日本は地球温暖化対策では、2030年目標が先進国の中では、一番低いレベルの目標しか出していない。
この分野では、日本がかって主導した「京都議定書の締結」においては、環境先進国の自信の下に意欲的な削減目標と評価されてきた。
しかし、その実戦での取り組みでは、海外での削減量をお金で買い取る「CDM」に依存する企業が続出して、日本の努力不足が目立った。
今回の「パリ協定での削減目標」は、2015年の時点での消極的姿勢が災いして、内容の乏しい甘い想定が大きく悪影響している。
特にエネルギー分野では、「石炭火力発電の温存と新設」を盛り込んでいるために、海外の有識者、経済関係者からは、お荷物と指摘された。

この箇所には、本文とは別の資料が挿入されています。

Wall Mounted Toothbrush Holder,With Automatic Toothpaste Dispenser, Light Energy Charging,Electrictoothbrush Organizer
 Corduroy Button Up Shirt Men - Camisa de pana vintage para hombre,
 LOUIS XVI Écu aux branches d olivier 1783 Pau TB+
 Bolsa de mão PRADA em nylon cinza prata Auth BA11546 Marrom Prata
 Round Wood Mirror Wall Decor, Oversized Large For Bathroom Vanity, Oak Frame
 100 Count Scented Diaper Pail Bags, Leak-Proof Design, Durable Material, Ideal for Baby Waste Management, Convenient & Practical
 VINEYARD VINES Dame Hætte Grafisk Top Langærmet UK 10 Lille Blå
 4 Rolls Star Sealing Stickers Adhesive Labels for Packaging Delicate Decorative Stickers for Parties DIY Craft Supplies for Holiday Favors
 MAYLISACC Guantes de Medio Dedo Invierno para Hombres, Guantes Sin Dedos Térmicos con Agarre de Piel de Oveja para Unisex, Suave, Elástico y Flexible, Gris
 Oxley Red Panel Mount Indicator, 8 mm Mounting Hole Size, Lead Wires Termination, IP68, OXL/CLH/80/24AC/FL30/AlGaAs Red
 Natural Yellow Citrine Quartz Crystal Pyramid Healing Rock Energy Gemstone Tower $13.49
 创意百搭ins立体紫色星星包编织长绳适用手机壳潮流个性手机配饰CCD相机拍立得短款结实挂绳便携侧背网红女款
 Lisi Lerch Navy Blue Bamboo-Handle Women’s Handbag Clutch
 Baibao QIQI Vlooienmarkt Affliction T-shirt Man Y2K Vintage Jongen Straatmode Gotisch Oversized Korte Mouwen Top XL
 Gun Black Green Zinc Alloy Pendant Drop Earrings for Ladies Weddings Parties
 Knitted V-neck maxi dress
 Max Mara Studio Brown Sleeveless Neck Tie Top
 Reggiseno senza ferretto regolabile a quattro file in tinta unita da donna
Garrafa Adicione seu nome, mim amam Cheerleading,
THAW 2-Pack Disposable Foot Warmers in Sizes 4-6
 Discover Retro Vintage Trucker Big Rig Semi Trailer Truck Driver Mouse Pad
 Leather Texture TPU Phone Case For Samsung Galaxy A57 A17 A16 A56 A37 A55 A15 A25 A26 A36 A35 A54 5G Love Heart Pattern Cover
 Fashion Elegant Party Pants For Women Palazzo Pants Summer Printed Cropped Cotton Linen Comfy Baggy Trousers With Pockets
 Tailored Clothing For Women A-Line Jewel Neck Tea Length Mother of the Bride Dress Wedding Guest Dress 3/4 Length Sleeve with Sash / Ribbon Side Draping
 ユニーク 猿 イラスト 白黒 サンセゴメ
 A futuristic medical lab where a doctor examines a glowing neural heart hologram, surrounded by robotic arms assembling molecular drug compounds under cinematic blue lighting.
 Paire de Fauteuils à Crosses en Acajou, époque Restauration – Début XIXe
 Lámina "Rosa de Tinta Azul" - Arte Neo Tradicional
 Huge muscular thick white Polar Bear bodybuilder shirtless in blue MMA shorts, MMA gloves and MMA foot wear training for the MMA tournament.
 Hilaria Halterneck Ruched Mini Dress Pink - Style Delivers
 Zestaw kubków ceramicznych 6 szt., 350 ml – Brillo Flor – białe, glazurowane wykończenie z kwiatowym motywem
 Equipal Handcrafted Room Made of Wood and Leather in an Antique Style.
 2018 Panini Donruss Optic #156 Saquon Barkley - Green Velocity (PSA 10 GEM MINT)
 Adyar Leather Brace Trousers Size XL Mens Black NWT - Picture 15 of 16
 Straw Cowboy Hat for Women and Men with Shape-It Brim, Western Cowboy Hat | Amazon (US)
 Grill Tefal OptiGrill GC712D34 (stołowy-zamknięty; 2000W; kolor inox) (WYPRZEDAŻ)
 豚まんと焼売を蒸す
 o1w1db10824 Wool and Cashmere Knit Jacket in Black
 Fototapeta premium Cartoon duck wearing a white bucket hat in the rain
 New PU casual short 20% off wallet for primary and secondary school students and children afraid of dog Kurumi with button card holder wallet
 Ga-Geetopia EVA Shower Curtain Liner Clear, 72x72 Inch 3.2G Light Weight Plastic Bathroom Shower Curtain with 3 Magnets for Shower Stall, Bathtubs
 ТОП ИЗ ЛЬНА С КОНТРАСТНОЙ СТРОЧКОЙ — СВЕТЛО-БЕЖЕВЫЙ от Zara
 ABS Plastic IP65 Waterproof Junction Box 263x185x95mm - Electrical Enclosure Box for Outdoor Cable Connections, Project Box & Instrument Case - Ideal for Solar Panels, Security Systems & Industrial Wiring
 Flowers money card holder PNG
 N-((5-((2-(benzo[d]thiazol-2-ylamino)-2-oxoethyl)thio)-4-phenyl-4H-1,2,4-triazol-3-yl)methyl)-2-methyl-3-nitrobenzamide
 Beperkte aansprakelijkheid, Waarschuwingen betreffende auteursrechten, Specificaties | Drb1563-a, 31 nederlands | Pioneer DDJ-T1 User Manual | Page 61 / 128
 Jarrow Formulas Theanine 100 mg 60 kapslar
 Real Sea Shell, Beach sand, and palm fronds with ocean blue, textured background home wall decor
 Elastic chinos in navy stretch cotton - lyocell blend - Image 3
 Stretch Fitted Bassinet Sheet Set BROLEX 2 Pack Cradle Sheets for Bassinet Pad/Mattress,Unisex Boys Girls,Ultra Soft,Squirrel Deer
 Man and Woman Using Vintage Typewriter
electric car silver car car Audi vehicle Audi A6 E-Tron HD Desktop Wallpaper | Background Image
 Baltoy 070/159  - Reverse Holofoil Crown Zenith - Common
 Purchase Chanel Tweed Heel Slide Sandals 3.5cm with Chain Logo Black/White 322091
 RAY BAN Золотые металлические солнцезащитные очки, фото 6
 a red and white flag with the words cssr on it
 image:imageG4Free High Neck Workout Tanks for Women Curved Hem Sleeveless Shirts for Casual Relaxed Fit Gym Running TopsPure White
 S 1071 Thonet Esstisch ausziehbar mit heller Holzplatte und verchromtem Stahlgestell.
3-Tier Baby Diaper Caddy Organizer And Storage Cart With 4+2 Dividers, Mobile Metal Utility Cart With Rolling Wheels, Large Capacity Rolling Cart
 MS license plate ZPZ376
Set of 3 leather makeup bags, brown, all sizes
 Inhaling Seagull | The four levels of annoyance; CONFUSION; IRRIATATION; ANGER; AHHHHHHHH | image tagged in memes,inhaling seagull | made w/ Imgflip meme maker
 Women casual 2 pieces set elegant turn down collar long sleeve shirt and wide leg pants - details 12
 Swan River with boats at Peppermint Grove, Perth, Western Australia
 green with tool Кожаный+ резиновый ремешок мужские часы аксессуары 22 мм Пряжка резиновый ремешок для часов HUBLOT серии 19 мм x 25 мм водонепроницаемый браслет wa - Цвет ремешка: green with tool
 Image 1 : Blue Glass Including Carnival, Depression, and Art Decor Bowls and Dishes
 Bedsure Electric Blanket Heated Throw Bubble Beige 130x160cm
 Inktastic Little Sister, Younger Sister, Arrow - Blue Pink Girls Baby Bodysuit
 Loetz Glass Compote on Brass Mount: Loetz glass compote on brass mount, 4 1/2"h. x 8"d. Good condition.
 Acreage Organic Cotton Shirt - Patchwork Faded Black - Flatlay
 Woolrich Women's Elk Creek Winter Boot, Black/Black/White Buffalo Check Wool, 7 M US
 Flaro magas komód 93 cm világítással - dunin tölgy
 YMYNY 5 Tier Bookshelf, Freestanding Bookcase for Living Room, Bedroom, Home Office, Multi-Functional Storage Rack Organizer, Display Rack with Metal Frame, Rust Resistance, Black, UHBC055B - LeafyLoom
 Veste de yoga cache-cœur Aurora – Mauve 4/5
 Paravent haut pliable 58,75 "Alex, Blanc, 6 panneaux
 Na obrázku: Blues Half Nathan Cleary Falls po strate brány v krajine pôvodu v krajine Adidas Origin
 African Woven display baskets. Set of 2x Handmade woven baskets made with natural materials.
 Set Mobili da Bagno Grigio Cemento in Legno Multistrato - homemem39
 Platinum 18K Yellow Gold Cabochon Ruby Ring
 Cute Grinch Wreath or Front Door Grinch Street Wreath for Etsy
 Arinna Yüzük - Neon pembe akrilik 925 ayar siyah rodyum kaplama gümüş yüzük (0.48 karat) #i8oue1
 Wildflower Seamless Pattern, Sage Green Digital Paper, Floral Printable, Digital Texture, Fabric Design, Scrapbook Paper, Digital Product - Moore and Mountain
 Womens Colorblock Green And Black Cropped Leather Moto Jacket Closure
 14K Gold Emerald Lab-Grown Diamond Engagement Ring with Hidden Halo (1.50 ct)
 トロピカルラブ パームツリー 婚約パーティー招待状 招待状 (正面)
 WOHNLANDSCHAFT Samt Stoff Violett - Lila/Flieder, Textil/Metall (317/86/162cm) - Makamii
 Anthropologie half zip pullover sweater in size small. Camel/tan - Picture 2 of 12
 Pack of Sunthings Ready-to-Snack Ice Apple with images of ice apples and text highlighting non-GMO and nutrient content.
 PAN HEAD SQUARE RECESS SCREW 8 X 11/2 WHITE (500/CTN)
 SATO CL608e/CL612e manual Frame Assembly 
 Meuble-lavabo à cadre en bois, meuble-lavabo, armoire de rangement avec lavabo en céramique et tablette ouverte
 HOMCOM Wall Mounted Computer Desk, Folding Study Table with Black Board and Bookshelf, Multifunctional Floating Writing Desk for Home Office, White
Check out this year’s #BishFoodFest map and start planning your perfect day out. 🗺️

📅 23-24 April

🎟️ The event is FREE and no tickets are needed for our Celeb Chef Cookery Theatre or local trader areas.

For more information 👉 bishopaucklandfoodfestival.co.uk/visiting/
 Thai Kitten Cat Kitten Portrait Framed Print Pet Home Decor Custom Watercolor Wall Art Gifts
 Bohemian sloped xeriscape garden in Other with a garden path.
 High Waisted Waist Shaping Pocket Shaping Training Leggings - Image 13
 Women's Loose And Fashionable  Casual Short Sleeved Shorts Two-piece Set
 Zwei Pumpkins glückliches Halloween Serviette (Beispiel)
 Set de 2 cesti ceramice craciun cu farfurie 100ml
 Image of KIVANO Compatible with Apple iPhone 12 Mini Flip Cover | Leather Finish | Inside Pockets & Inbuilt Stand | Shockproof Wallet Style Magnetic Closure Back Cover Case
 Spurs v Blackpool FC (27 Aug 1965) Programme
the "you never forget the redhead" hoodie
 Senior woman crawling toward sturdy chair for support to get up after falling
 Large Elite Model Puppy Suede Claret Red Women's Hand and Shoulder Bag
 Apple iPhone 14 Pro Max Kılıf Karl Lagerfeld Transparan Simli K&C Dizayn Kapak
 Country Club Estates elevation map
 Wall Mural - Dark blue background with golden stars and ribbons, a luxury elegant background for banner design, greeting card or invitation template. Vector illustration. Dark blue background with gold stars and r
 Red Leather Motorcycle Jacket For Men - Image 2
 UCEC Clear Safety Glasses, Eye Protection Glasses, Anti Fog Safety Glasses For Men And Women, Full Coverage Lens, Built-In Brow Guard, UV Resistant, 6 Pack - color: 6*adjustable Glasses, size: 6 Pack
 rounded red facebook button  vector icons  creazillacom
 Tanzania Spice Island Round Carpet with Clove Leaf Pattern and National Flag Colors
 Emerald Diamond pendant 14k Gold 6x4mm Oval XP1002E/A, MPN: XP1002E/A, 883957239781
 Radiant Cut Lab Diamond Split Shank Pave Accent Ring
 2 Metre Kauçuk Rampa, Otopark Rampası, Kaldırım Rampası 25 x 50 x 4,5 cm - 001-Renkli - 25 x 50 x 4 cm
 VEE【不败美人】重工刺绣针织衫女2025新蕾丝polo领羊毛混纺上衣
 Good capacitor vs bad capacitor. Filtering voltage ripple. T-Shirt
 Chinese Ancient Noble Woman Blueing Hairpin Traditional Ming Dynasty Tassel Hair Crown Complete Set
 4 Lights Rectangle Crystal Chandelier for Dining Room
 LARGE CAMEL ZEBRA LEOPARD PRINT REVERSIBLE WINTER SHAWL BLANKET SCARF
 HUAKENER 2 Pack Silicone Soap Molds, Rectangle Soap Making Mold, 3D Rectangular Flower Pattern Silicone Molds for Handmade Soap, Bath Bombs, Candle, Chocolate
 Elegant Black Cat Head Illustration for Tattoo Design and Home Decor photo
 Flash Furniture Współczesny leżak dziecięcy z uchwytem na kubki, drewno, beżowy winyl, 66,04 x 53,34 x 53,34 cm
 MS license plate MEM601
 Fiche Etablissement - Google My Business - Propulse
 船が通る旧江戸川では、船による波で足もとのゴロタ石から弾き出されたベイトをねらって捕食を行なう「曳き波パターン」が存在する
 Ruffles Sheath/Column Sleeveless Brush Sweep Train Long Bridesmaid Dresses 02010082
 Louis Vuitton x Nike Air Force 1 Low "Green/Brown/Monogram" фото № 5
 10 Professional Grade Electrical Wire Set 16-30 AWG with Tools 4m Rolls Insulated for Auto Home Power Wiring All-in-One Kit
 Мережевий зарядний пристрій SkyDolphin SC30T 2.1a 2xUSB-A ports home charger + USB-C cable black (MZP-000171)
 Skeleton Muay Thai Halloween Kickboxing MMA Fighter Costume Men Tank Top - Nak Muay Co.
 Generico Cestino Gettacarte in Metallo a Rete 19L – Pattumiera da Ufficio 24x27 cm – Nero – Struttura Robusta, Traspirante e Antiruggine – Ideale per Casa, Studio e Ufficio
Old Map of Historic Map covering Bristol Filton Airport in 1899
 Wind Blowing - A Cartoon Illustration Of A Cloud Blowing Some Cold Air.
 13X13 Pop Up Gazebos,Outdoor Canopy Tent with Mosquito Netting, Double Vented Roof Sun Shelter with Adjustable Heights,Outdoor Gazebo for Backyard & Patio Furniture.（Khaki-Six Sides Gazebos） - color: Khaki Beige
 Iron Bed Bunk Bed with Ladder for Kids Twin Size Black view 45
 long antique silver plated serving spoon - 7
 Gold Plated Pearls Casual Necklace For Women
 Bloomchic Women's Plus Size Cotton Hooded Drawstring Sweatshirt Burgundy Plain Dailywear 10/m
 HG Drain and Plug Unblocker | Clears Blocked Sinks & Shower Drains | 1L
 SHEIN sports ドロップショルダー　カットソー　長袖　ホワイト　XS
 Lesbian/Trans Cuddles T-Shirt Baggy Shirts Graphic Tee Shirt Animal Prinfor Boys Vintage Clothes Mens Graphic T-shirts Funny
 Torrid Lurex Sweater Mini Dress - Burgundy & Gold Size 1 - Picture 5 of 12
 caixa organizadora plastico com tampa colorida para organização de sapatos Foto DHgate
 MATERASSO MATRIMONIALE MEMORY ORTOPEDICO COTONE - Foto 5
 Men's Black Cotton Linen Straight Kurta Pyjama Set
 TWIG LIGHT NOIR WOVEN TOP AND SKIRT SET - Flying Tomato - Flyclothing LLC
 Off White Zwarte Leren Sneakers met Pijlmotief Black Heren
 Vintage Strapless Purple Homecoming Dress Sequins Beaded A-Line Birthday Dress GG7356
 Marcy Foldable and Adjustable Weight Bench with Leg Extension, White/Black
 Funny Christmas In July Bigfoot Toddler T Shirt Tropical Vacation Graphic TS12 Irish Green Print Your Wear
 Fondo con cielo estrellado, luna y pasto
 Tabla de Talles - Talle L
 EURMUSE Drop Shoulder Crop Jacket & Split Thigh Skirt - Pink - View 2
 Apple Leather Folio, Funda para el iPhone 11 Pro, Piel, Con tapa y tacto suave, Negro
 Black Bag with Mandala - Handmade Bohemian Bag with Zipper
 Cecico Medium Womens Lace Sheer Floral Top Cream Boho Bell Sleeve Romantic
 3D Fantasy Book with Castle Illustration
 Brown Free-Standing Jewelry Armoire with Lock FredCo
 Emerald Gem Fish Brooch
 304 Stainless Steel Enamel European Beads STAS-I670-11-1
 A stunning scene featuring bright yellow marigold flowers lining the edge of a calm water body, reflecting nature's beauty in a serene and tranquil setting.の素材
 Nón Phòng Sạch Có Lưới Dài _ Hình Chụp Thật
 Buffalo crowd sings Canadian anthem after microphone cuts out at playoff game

石炭火力発電のCO2排出は、高効率であっても「火力発電の中で、最大のレベル」になっている。
日本では、このCO2を分離して、地中に埋め留めておく手法(CCS)の手法に依存する方針を目論んでいる。
しかし、この方法は経済性に乏しく、将来は座礁資産(次世代への負債)になることは確実と指摘されている。
このような甘い計画でいるのに、G20での将来課題の方向性を主導していくとの声明だが、これでは議論が混迷するだろう。
海洋プラスチック汚染問題で、汚名を晴らす覚悟なら、パリ協定の見直しでも、決意のほどを世界に示す必要がある。